__WHAT TO PRODUCE__:
Records follow. Print exactly the lines from the one that has "Used 2016 Kia Sorento LX FWD image 9" through the one that has "2022 Honda Ridgeline Black Edition - Image 3", inclusive, and omit the pictures.

==== STORED DATA ====

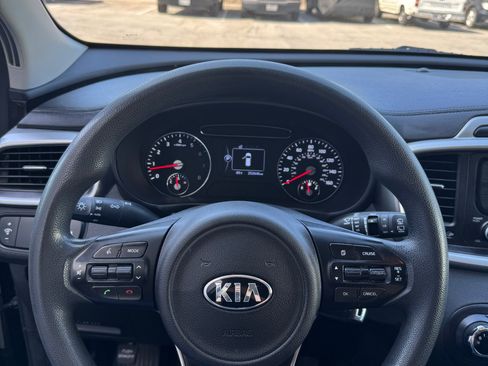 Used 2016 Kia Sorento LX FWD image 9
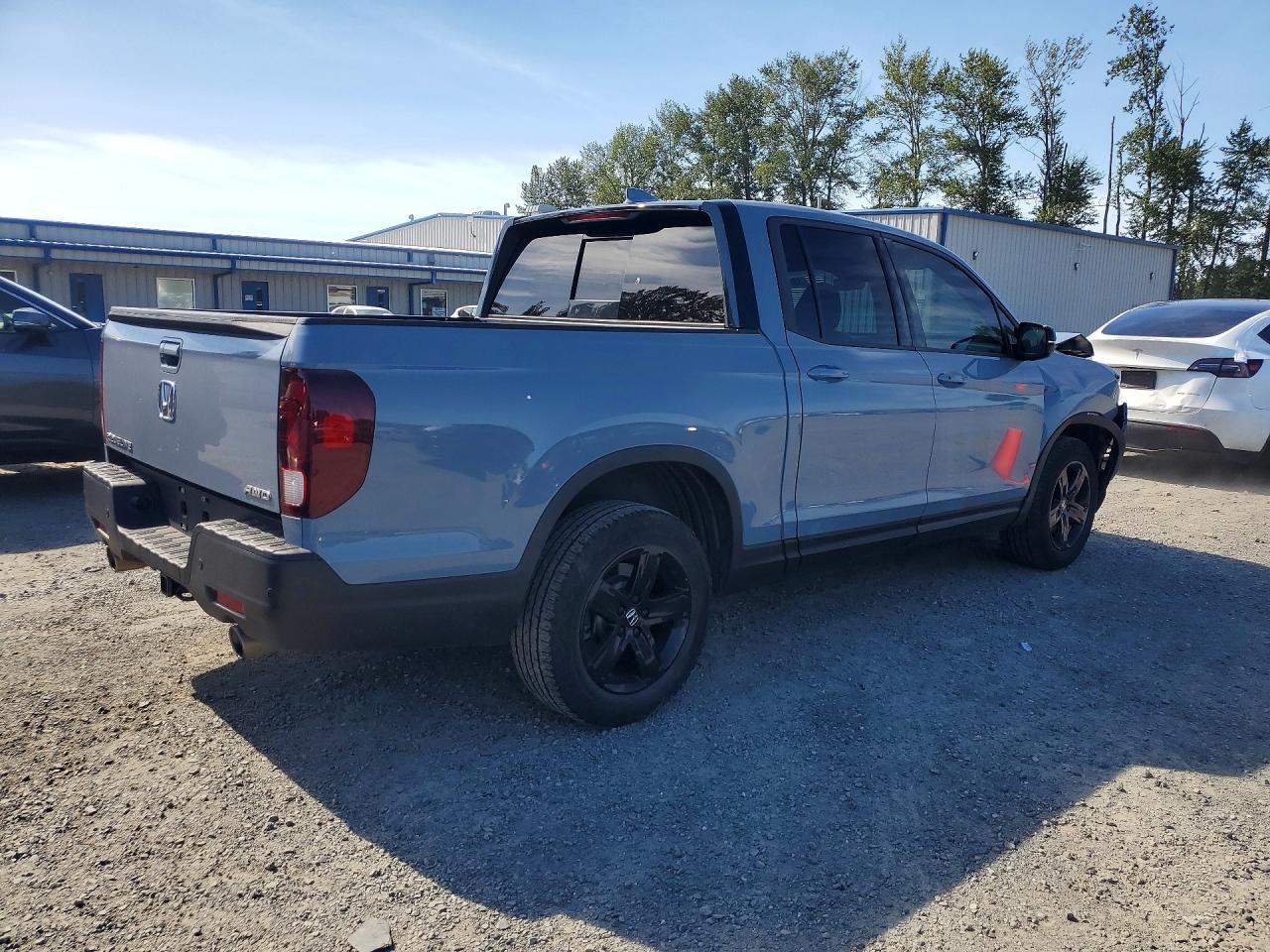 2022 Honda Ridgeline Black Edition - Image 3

====
==== STORED DATA ====

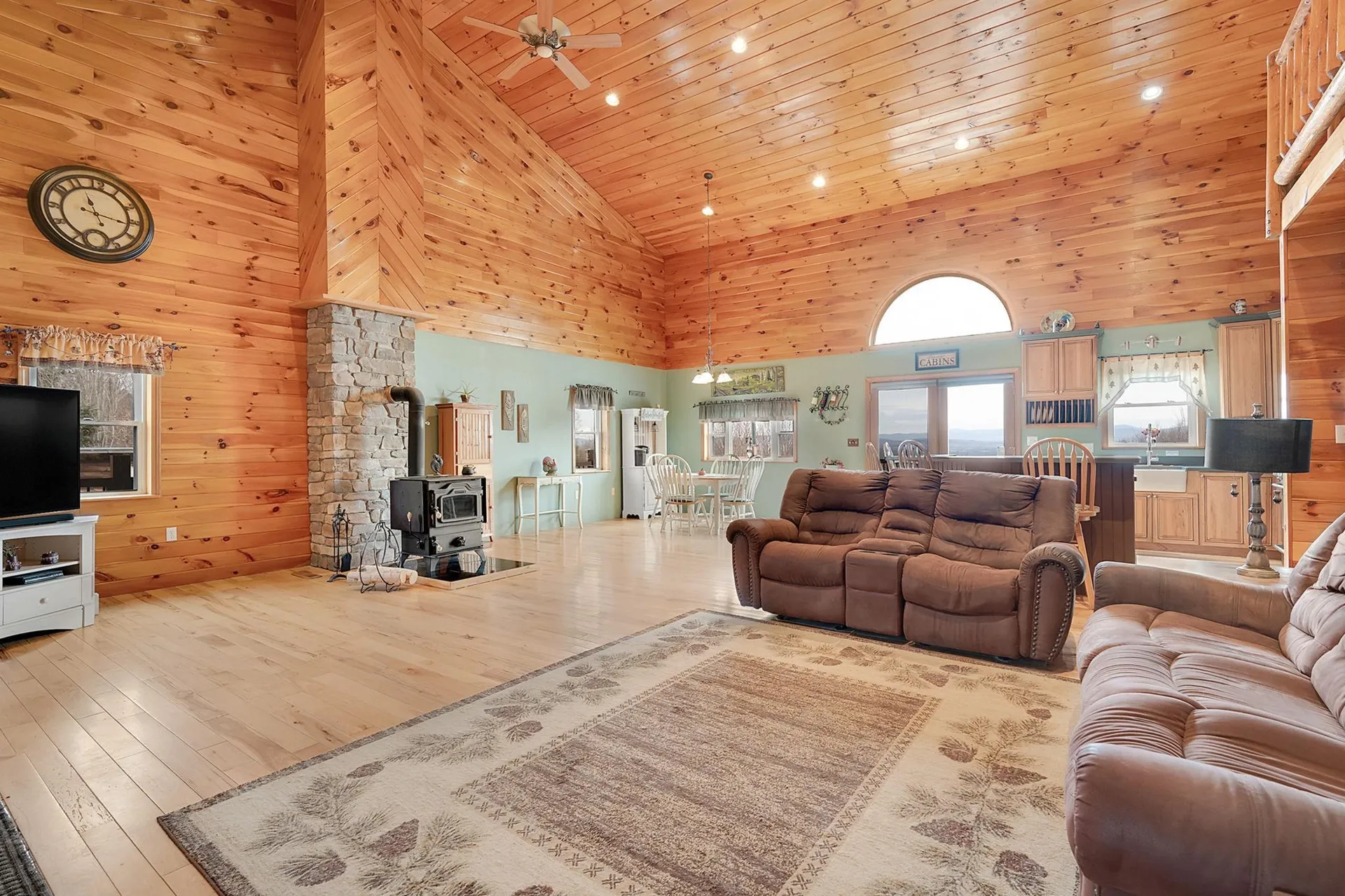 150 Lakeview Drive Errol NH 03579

====

__YOUR SOLUTION__:
 Used 2016 Kia Sorento LX FWD image 9
 2022 Honda Ridgeline Black Edition - Image 3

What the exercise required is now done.